Kementerian pendidikan dan Kebudayaan (Kemendikbud) umumkan klasterisasi perguruan tinggi Indonesia tahun 2020.

Direktur Jenderal Pendidikan Tinggi, Nizam menjelaskan bahwa klasterisasi merupakan upaya Ditjen Dikti untuk melakukan pemetaan atas kinerja perguruan tinggi akademik Indonesia yang berada di bawah binaan Kementerian Pendidikan dan Kebudayaan.

“Klasterisasi ini bukanlah pemeringkatan namun pengelompokan perguruan tinggi sesuai dengan level perkembangannya. Klasterisasi ini jangan disalah maknai sebagai pemeringkatan,” kata Nizam dalam keterangan pers, Selasa (18/8).

Dia mengatakan tujuan utama klasterisasi adalah untuk menyediakan landasan bagi pengembangan kebijakan pembangunan, pembinaan perguruan tinggi dalam meningkatkan kualitas pelaksanaan tridharma secara berkelanjutan. Selain itu, klasterisasi tersebut berfungsi untuk menyediakan informasi kepada masyarakat umum tentang kualitas kinerja perguruan tinggi di Indonesia.

“Klasterisasi perguruan tinggi yang disusun dan dibangun dalam kerangka perbaikan berkelanjutan baik untuk masing-masing data kinerja perguruan tinggi maupun kinerja perguruan tinggi secara keseluruhan,” ungkap Nizam.

Sementara itu Direktur Kelembagaan, Ridwan, mengungkapkan bahwa klasterisasi tahun ini menjadi hal yang menggembirakan. Pasalnya tahun ini terdapat tambahan dua perguruan tinggi yang menempati klaster 1.

“Tahun ini ada tambahan 2 perguruan tinggi yang menempati klaster 1. Sebelumnya pada tahun 2019 hanya 13 perguruan tinggi,” ungkap Ridwan.

Hal tersebut kata Ridwan jadi bukti bahwa perguruan tinggi tetap mempertahankan. Bahkan meningkatkan kualitas, sebab itu nantinya pihaknya akan mendorong klaster 1 tersebut bersaing di internasional.

“Menjadi bukti bahwa perguruan tinggi tetap mempertahankan, bahkan meningkatkan kualitasnya. Nanti kita akan dorong perguruan tinggi klaster 1 ini untuk bersaing di internasional,” ujar Ridwan.

Kinerja Perguruan Tinggi Berdasarkan 4 Aspek

Nizam menjelaskan pada tahun 2020 berbagai informasi terkait kinerja perguruan tinggi kembali diidentifikasi berdasarkan empat aspek utama.
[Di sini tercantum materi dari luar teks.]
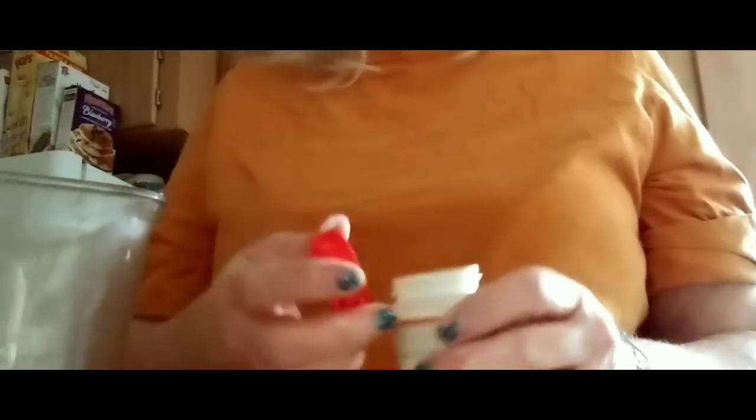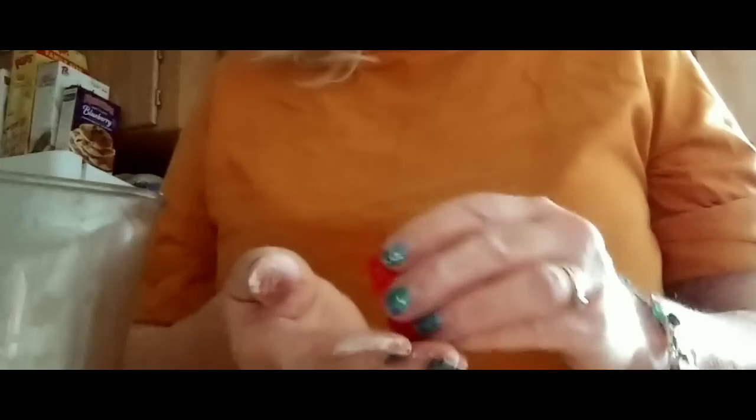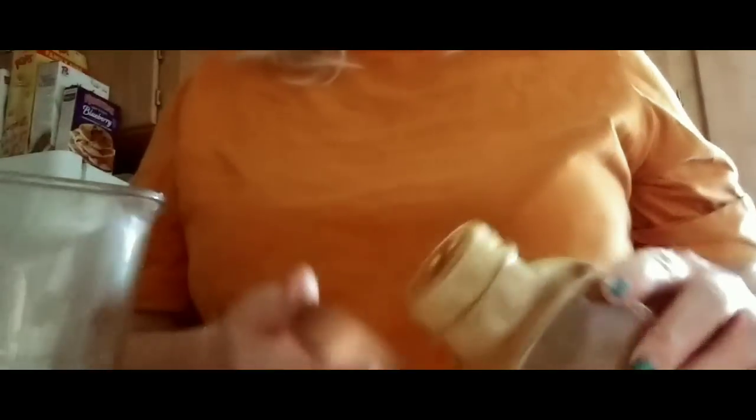This is cloves — I just put a tiny bit, not even that much. Cloves is really, really powerful. And then I'm going to put in about a tablespoon or so of cinnamon. It smells amazing.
Yaitu mutu sumber daya manusia dan mahasiswa (input), pengelolaan kelembagaan perguruan tinggi (proses), capaian kinerja jangka pendek yang dicapai oleh (output), dan kinerja jangka panjang (outcome).

“Tetapi indikator-indikator yang mencerminkan masing-masing komponen utama tersebut terdapat beberapa perubahan atau penambahan indikator sehingga diharapkan komponen utama tersebut dapat lebih mencerminkan kondisi perguruan tinggi Indonesia sesuai dengan cakupan pada masing-masing komponen utama tersebut,” tambah Nizam.
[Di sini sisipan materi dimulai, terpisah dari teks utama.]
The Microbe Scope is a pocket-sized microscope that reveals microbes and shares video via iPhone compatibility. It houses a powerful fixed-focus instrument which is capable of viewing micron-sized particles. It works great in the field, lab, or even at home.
Nizam berharap bahwa hasil klasterisasi perguruan tinggi tahun 2020 dapat mendorong untuk terus melakukan perbaikan kualitas secara berkelanjutan melalui kerja cerdas dan kerja sama antar perguruan tinggi. Serta dapat melakukan pemutakhiran data maupun melaporkan perkembangan capaian output.

“Melaporkan melalui Pangkalan Data Pendidikan Tinggi (PD DIKTI) sesuai amanat Undang-Undang Nomor 12 Tahun 2012 tentang Pendidikan Tinggi,” ungkap Nizam. [rhm]

Next Post

Seskab Pramono: Kita Jaga Bersama-sama Indonesia Menjadi Negara Maju

Sekretaris Kabinet (Seskab), Pramono Anung, mengajak masyarakat menjadikan momentum HUT RI untuk menjadikan Indonesia lebih maju. Sehingga lebih disegani oleh negara lain. “Mari kita melangkah bersama-sama, kita jaga bersama-sama Indonesia yang kita cintai menjadi negara maju, negara sejahtera, dan negara yang disegani dunia,” kata Pramono dikutip dari halaman setkab.go.id, Selasa […]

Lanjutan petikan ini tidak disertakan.